Every week, I will shine the spotlight on some of the best storytelling in the business and offer my comments. “3 Great Stories of the Week” will post every Monday at 8 AM.

I cannot remember the last time I traveled somewhere that had triple-digit weather.

But this past week, I took a two-day jaunt to Dallas for a story about the 50th anniversary of President John F. Kennedy’s assassination. It was a powerful experience … and hot, definitely hot.

Perhaps I am in a Dallas state of mind, but I chose two Dallas-related stories — one of which indirectly relates to JFK’s assassination — to lead off this week’s “3 Great Stories”. The final story takes us to the Twin Cities for a landmark moment, covered in tremendous fashion by the video wing at the area’s biggest newspaper.

All three stories features wide, multi-dimensional windows into their main characters.

Mystery from the grave behind Oswald’s, solved (8/9/13, New York Times): Among the circles of relevance surrounding JFK’s assassination, Nick Beef probably lands as far from the center as possible.

For nearly half a century, “Nick Beef” has simply been known as the name on the gravestone immediately beside that of Lee Harvey Oswald. No one was sure whether “Nick Beef” was an actual person, let alone whether said person was still alive.

Now, we know.

Nick Beef is alive, and he is actually a self-described “non-performing performance artist” living in New York. He reveals himself to Dan Barry of the New York Times; through Barry’s paragraphs, he comes off as quite the morbid soul.

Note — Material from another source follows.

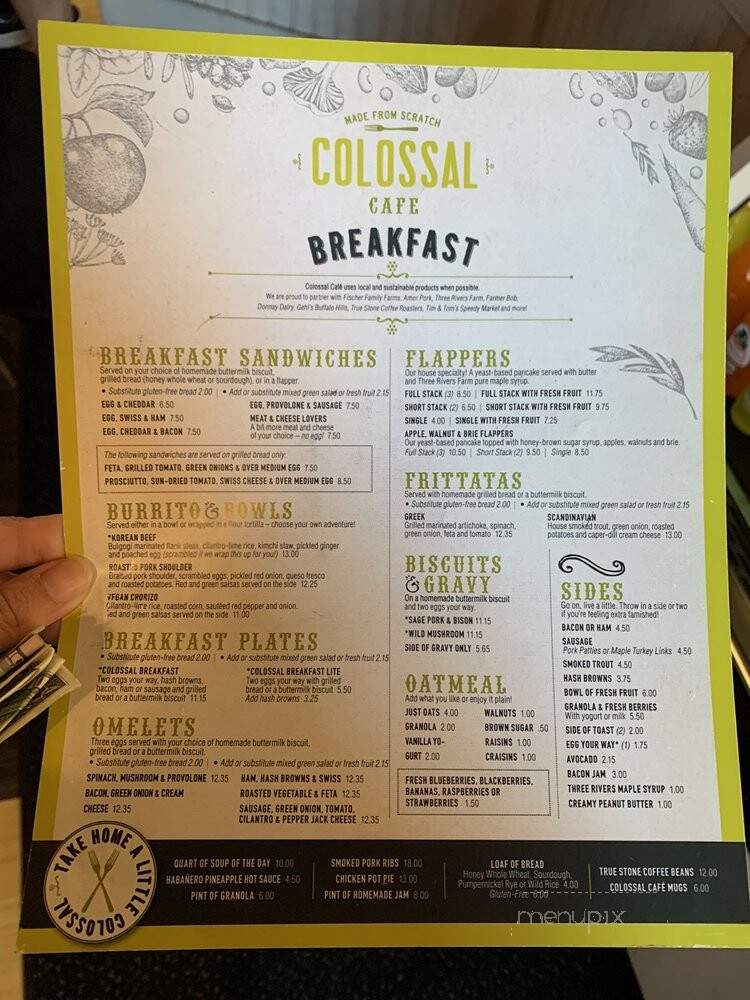 Colossal Cafe - Saint Paul, MN menu_pic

Something else happens in Barry’s article. Dealing with a subject — the assassination — that has been dissected so many times through the years, Barry examines a man whose own story is relatively unremarkable. The mystery of Nick Beef winds up more fascinating than his emergence.

But Barry does not try to oversell his subject. He simply recounts Mr. Beef’s story in a way that allows us to get to know the man in question, and he solves an age-old mystery in the process.